→ **Task details**
Copy exactly, and copy nothing else: the line that contains "19. Baseus Cafule" and all lines after it in the listing, without pictures.

→ **Given information**
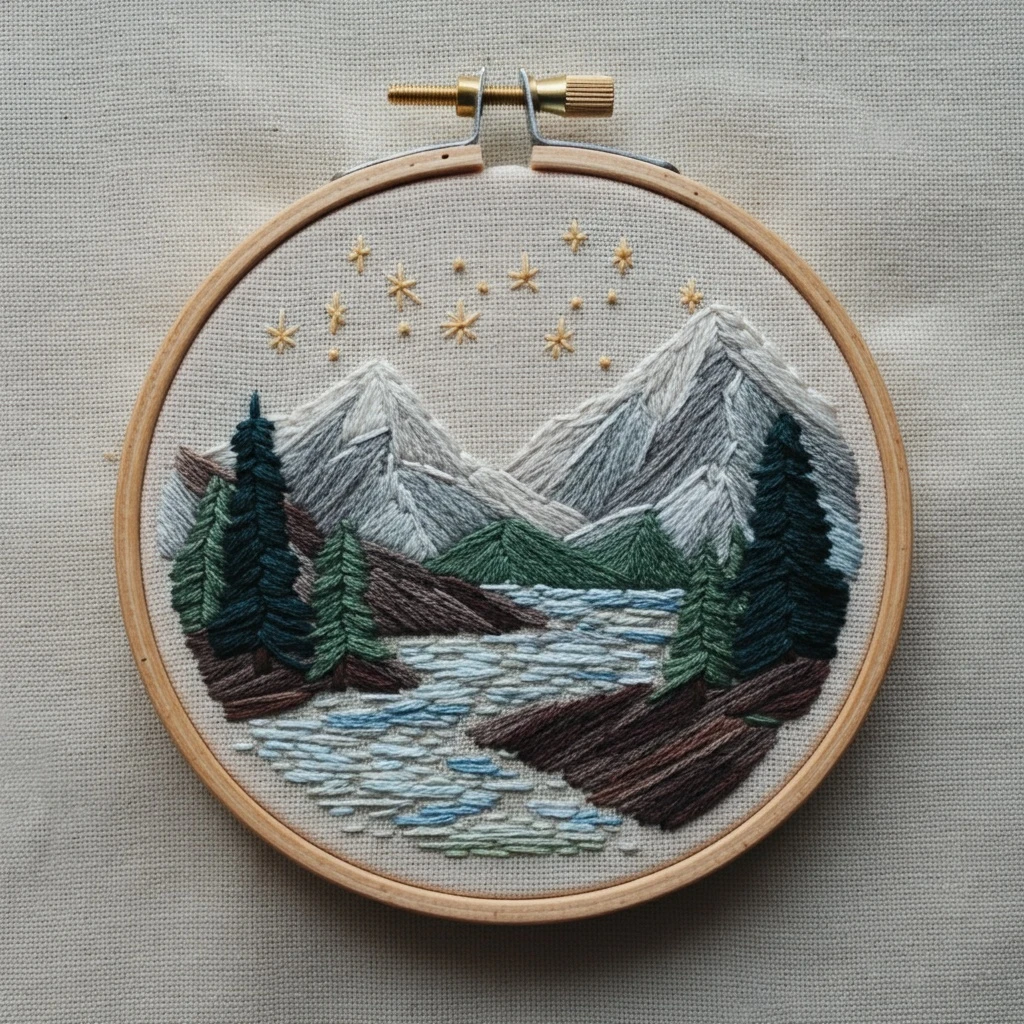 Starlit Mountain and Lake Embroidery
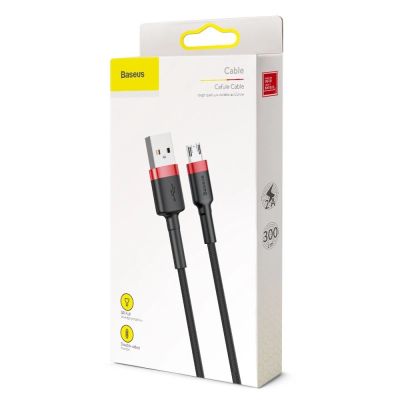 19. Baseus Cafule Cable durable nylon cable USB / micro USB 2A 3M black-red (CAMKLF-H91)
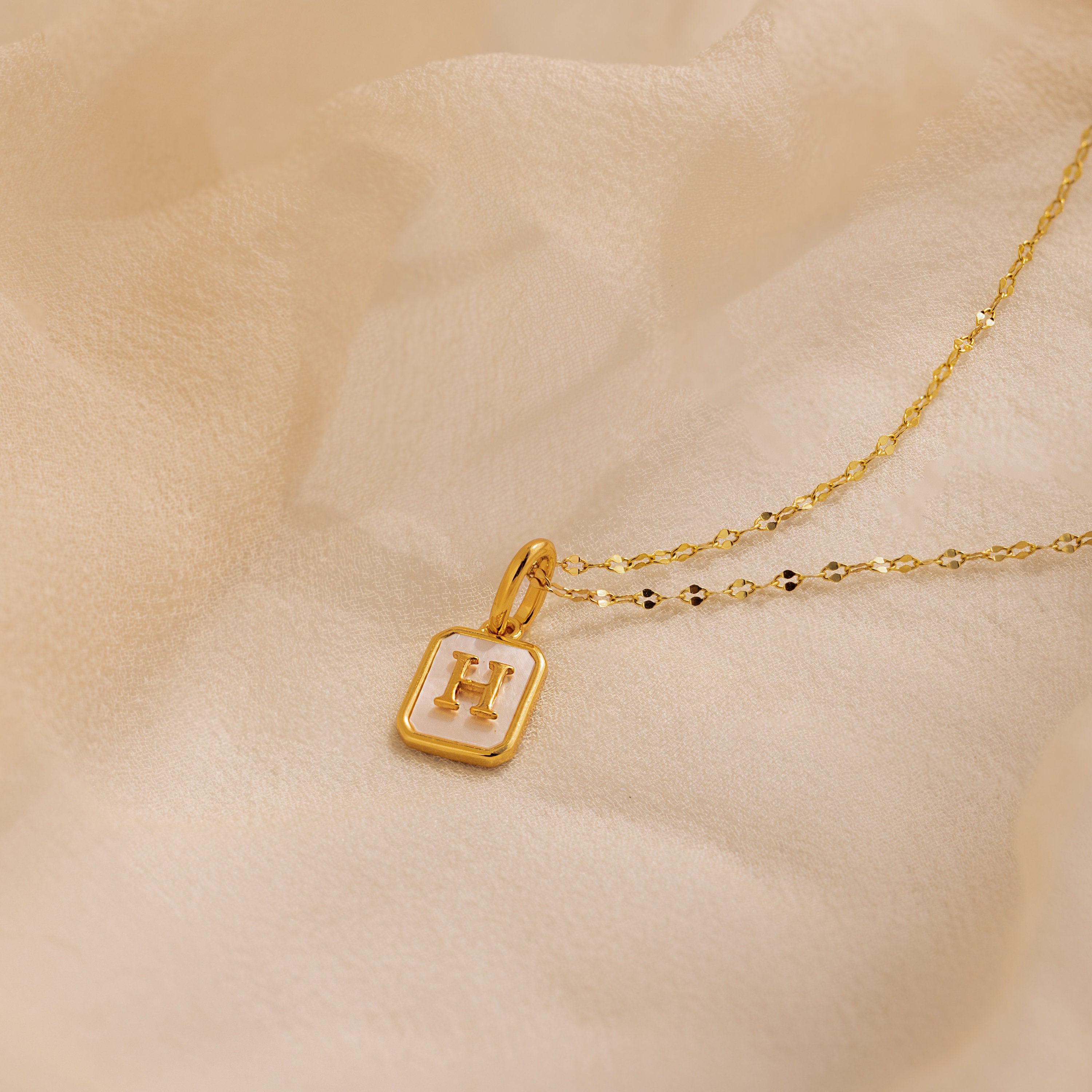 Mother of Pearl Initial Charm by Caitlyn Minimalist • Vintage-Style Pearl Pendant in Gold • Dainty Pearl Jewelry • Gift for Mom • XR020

→ **Solved exercise**
 19. Baseus Cafule Cable durable nylon cable USB / micro USB 2A 3M black-red (CAMKLF-H91)
 Mother of Pearl Initial Charm by Caitlyn Minimalist • Vintage-Style Pearl Pendant in Gold • Dainty Pearl Jewelry • Gift for Mom • XR020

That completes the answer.